I made a schedule yesterday and it made me feel organized without actually being organized. This is the same way. Here is an excerpt of something I wrote today:
"Hello, Mr. Myer. This is Doctor Riesler, as I’m sure you can probably tell. After going through your tests, I believe I have a diagnosis for your problem. This is where I’d normally give the diagnosis, but due to your special case and certain confidentiality by-laws I’m bound to, my lips are tied. Ha. You’ll have to come in, and maybe that’s better. It might be easier showing than telling anyway, I imagine. Yes. I’m sorry for the news."
This time Marty was only confused. Sorry for the news? What news? That the doctor had a diagnosis? Riesler had left out some important key word that might have preceded that behemoth of a noun, “diagnosis.” “Optimistic,” would have been a good one. He would have been at ease with that. Bad enough to get him canned, but not bad enough to get him killed. “Strange,” would have been more vague, but still better than nothing. His gut felt numb, and that meant whatever the word really was, it was only a subset of another word.
and the sky opened up on him, pelting him with rain. He shuffled toward the building, head down, making no attempt to wipe away the beading drops that fell over the skin of his face, his slack jaw. His hair clung to him like a quivering animal. The door was plain, white, with the number seven scratched into it in rust. It was locked. He pounded a wet fist against the metal.
"Let me in, Goddammit," he said. He turned, swimming in his clothes. Lightning stabbed the earth, and the setting sun watched. There was no rainbow. Trees bent with wind, beyond his van a willow seemed to hang sideways, as if gravity now favored the west. He cracked his knuckles. Today is the day of my life, Willie Silverman thought, and behind him the door clicked open.
“Violets are blue,
Roses are red.
On Valentine’s Day
You exploded my head.”—I wrote this poem for a girl, but I thought since I spent so much time on it I would share it with you too. The first two lines were all I had at last week’s writer’s workshop. She got me something too. A story based on my ideas that she won’t let me read. And a carp.
I just had an impromptu writing session. Impromptu means it wasn’t planned, it just happened. I would like to have a promptu sleeping session now, but we both know that isn’t likely. I’m okay with this, for some reason.
I submitted to two more magazines today, but forgot to write I was submitting simultaneously. Um. Oops? I don’t feel like I ever thought I’d be worrying about selling the same thing to three different places…when I probably won’t sell it to even one place. But I’m worrying just the same.
Read the first chapter of Ulysses by James Joyce. Impressions? Not as hard as I had been told. Just takes a while to read.
Watched the Dark Knight again.
Talked to my mother, my sister, and my father. In that order.
Tuned into the Brianisinyou live podcast…and played a little game with Brian. He didn’t know it, but I was typing things in order to pique his interest enough to say them out loud. (“High-Maint Taint.”) Also I made them talk about Christian Bale when they didn’t want to. I like to play this game as an anonymous user.
I watched Michigan State dismantle Indiana. And Michigan had a respectable showing against UConn.
"My last girlfriend used to say ‘bite me,’ every time we had an argument. My new girlfriend is a vampire. I put them in touch."
"Lucky Charms tricks kids into thinking that eating cereal has an effect on the outcome of their lives. That’s wrong. I think we should make our own luck, manufacture our own charms.

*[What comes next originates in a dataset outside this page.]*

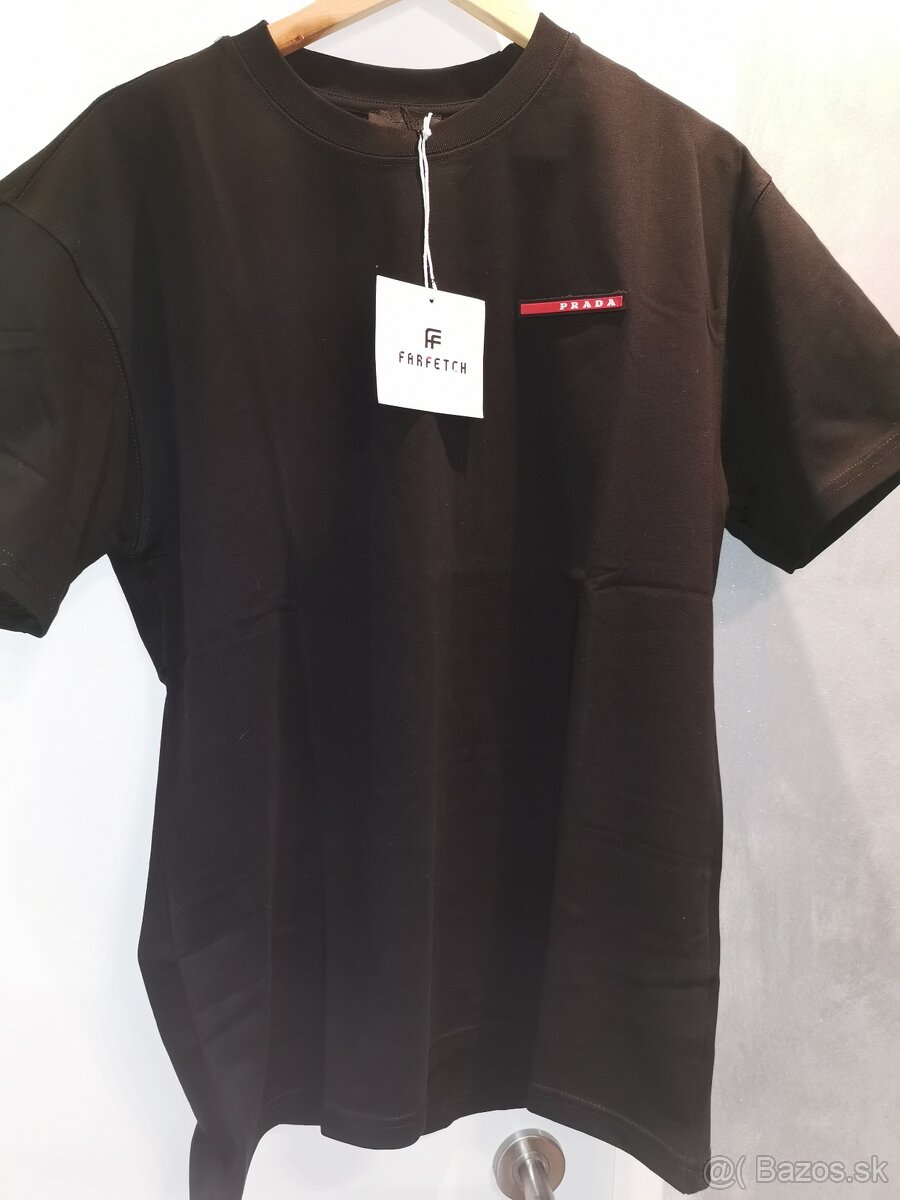 Na predaj čierne tričko Prada – veľkosť M/L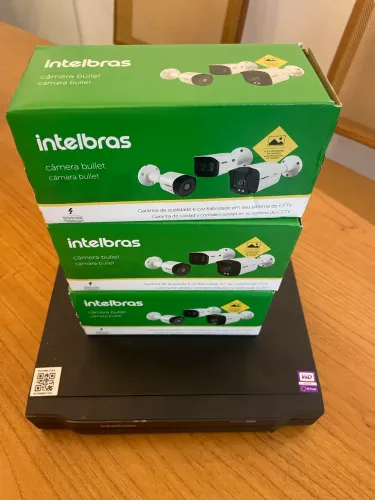 Vendo Dvr Intelbras 4 canais HD 1 TB + 3 câmeras novas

Except when I do it, it always ends up tasting like corn flakes and the marshmallows are all white."
"I’m pretty sure motion-sensor toilets were invented for the mass of angry limbless blind people who wanted their toilets to flush at random, da#mit. A perfect example of inventors catering to haters. Lever haters."
"I think the dentist is the only kind of doctor who can get away with fixing something but making it feel worse. If you go to a podiatrist and tell him your feet feel great, he lets you leave. He doesn’t drill holes in them, fill them with cement, and make it so you can’t walk on solid ground for two months. Solid ground, chewy ground, beef-jerky ground. None of it."